## [What needs to be done]
Print, exactly as they appear in the listing below, the lines from the line with "Thumbnail 42 of" to the line with "650 South Rancho", with both end lines kept.

____ Information given

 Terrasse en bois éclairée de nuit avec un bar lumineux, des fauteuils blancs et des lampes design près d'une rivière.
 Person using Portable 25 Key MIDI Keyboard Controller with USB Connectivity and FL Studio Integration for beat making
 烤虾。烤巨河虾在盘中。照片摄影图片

________
____ Information given

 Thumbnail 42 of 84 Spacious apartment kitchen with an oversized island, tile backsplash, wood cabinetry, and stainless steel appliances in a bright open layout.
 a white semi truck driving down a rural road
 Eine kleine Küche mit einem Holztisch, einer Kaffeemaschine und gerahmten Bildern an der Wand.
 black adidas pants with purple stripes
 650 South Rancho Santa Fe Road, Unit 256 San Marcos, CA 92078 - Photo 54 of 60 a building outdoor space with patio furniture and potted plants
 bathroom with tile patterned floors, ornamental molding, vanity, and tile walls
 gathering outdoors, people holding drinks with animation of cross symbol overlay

________

## [Task result]
 Thumbnail 42 of 84 Spacious apartment kitchen with an oversized island, tile backsplash, wood cabinetry, and stainless steel appliances in a bright open layout.
 a white semi truck driving down a rural road
 Eine kleine Küche mit einem Holztisch, einer Kaffeemaschine und gerahmten Bildern an der Wand.
 black adidas pants with purple stripes
 650 South Rancho Santa Fe Road, Unit 256 San Marcos, CA 92078 - Photo 54 of 60 a building outdoor space with patio furniture and potted plants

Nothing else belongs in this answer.